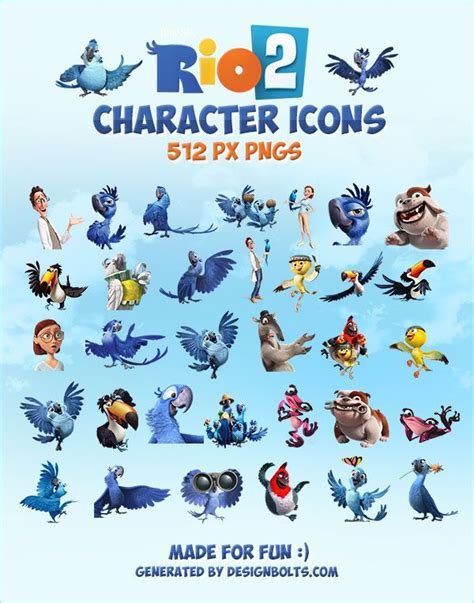 Rio 2 Movie Iconset (33 icons) | DesignBolts | Imagenes de rio, Rio la pelicula, Dibujos ...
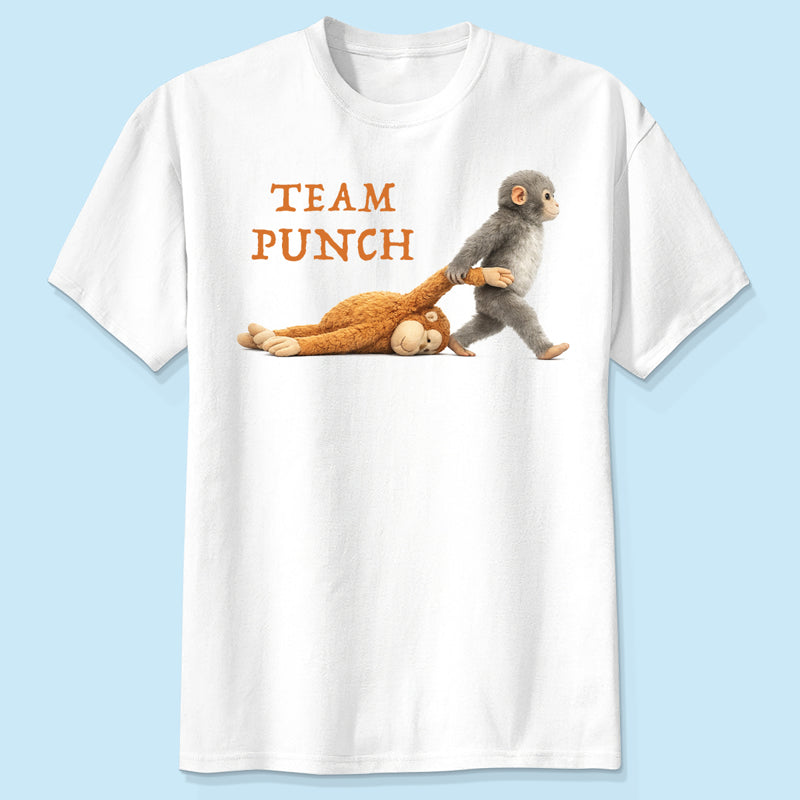 Team Punch Monkey Graphic Shirt, Viral Baby Monkey, Animal Lover Gift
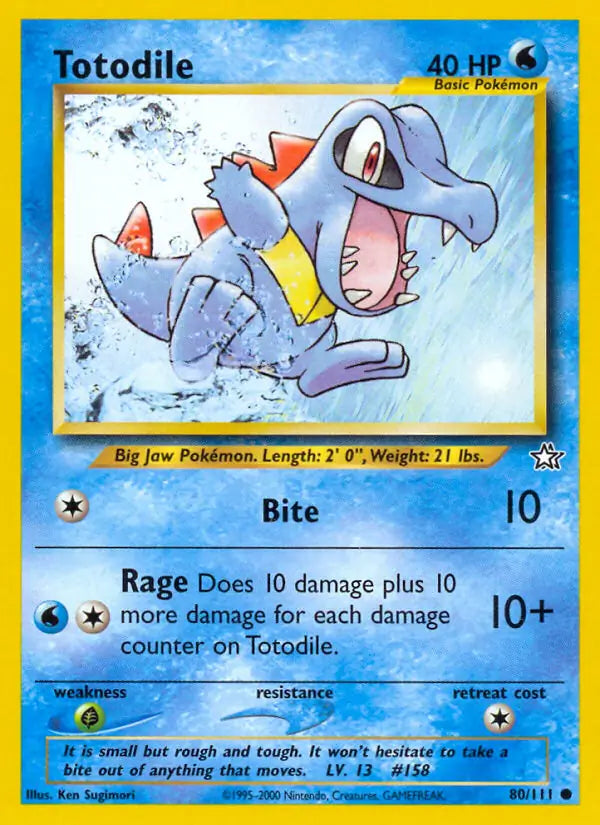 Totodile⁣ - Neo Genesis⁣ (Common)⁣ [80] English / Excellent / 1st-Edition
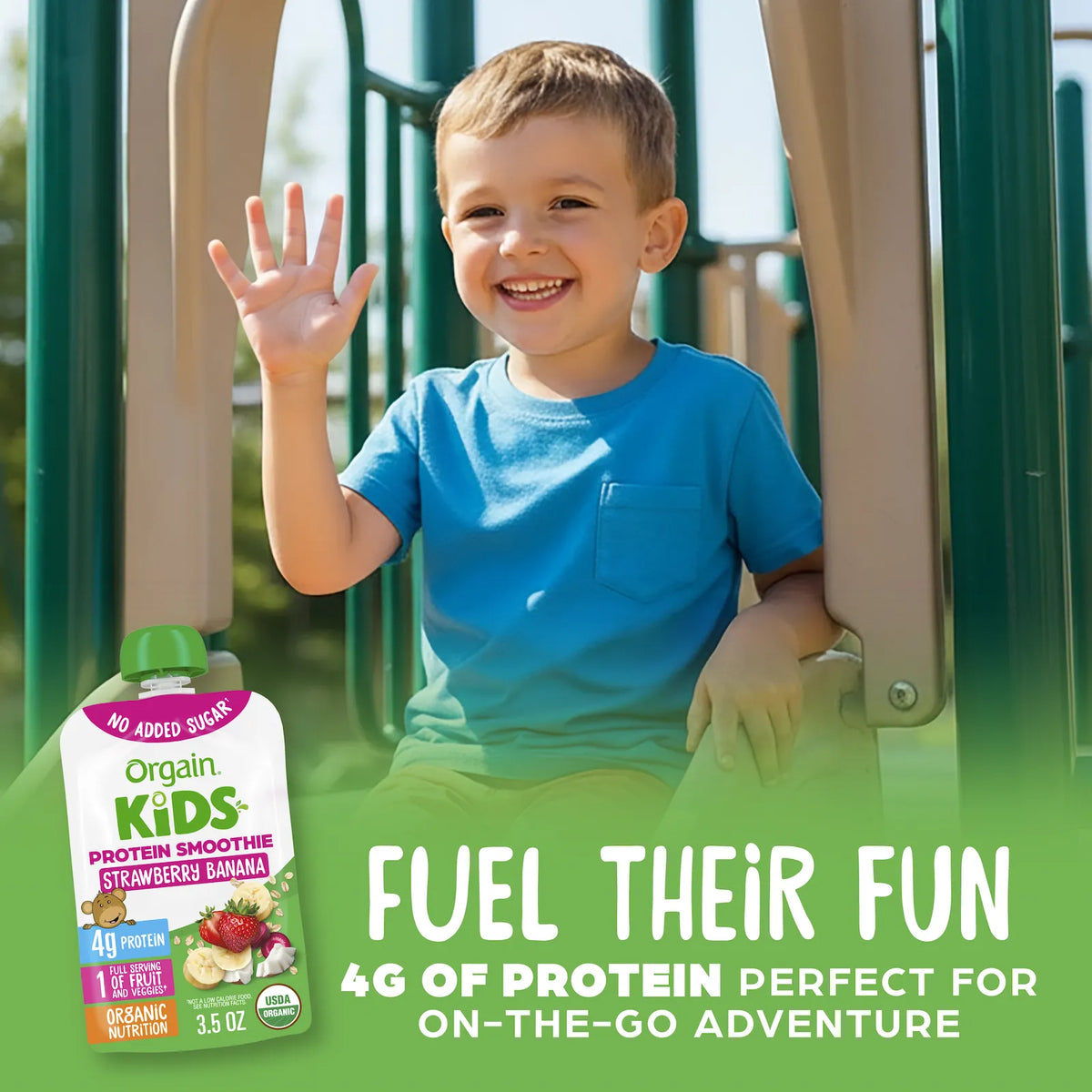 A smiling young boy in a blue shirt sits on a playground structure waving, with a bag of Orgain Kids Protein Smoothie in the foreground and promotional text at the bottom.
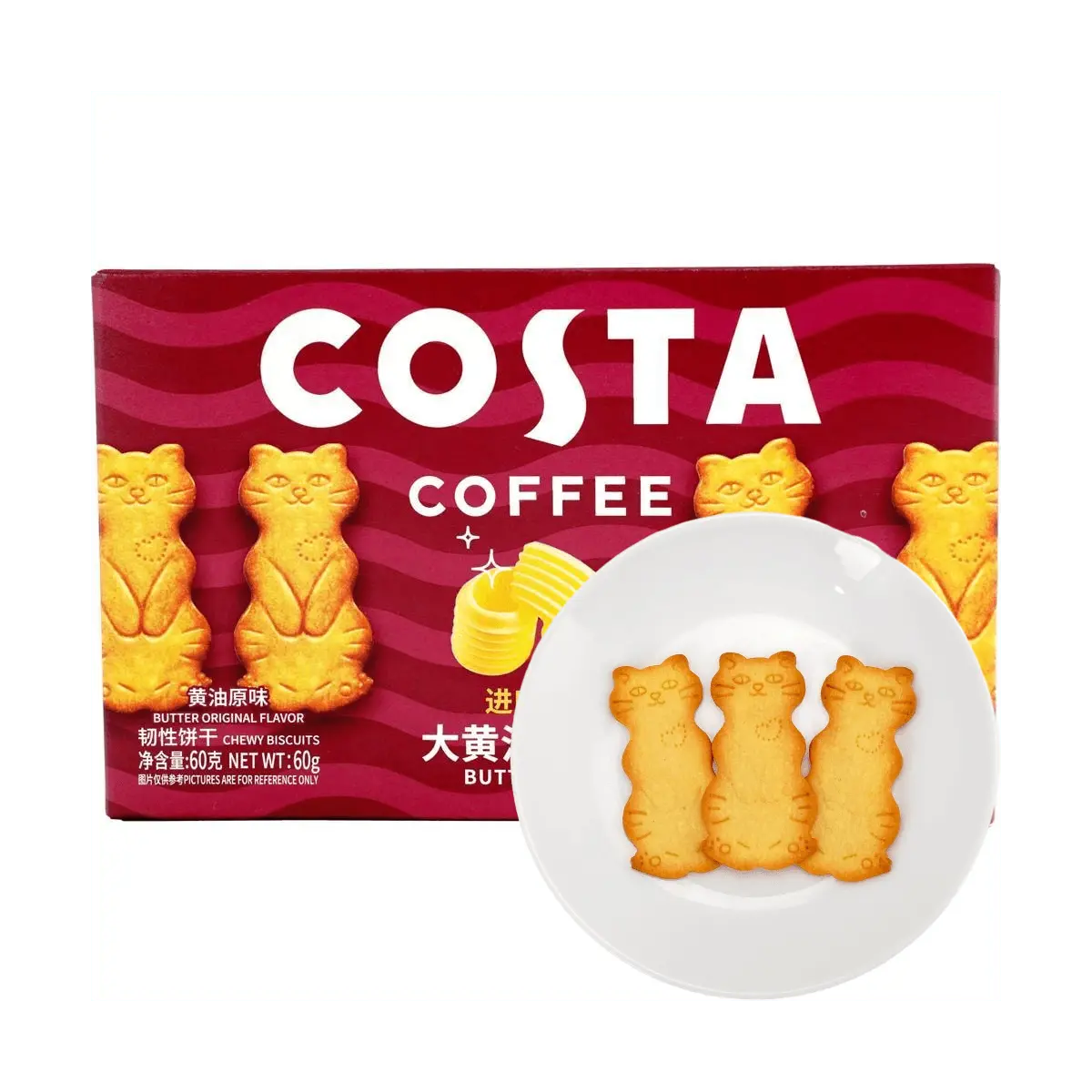 COSTA Butter Cat Cookies Original Flavor 60g - Cute Kitty Shaped Snacks, Viral Internet Sensation
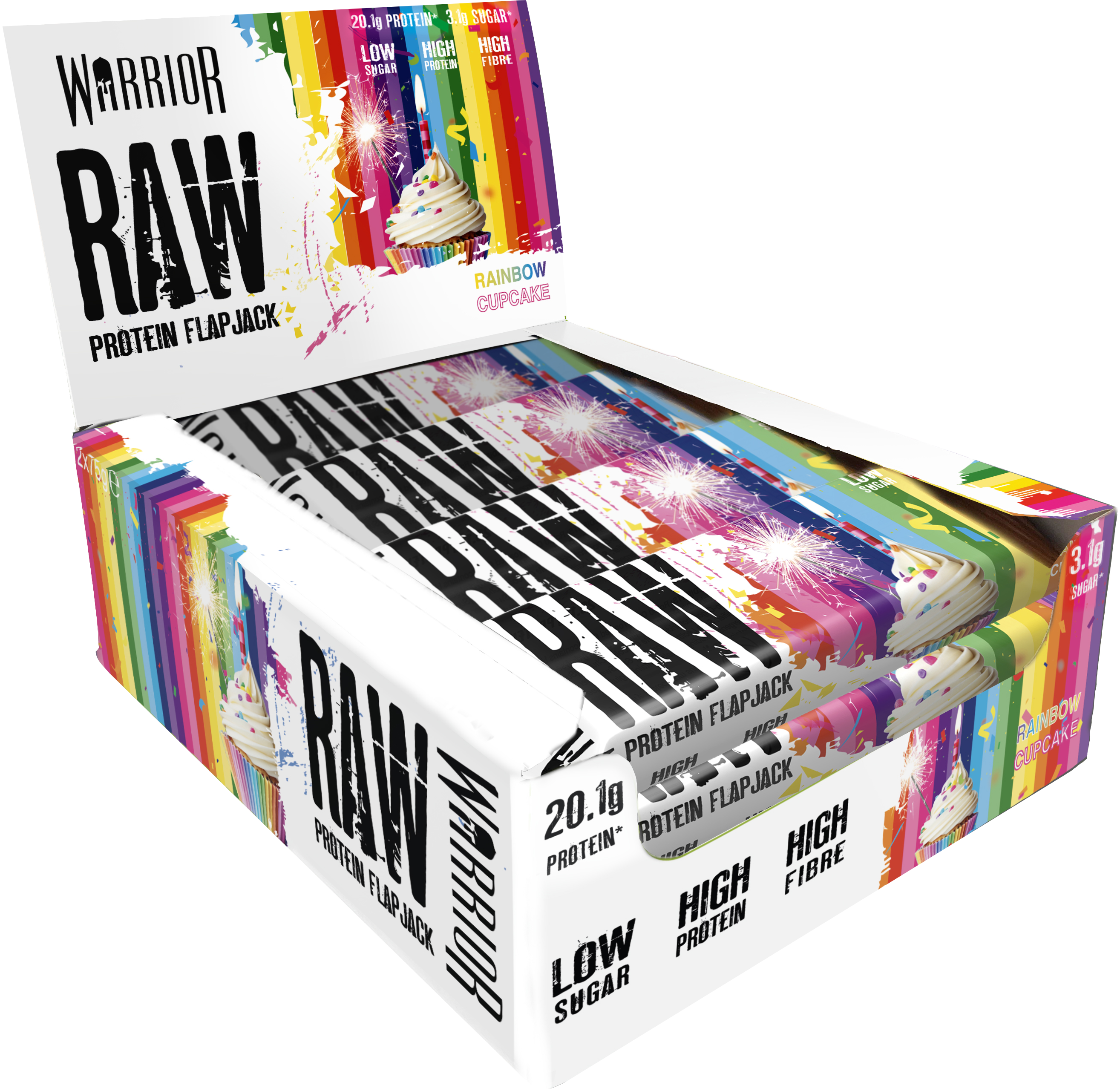 WARRIOR RAW PROTEIN FLAPJACK 75g - rainbow cupcake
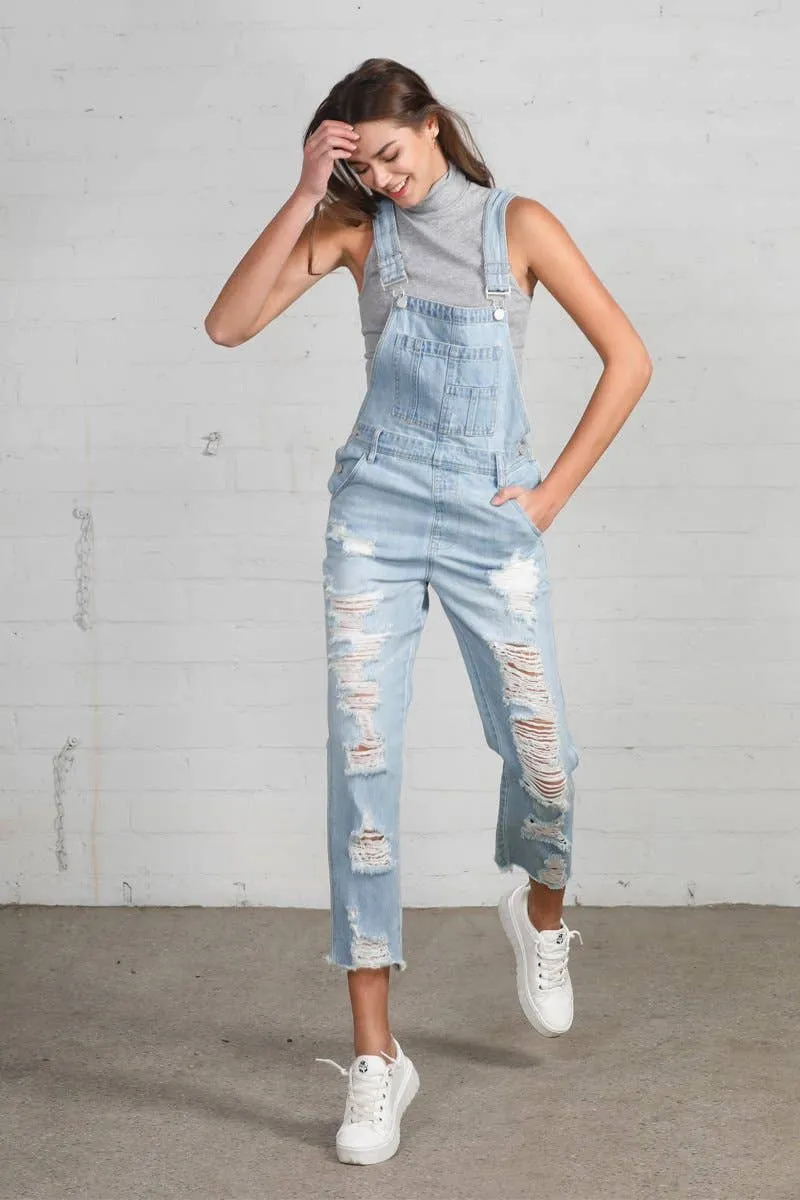 Distressed Raw Hem Insane Gene Overalls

○ ○ ○ ○

## Action item
Your task is to restate word for word the lines from the one containing "WARRIOR RAW PROTEIN" through the last line of the data, both ends included, with no pictures.

## Worked solution
 WARRIOR RAW PROTEIN FLAPJACK 75g - rainbow cupcake
 Distressed Raw Hem Insane Gene Overalls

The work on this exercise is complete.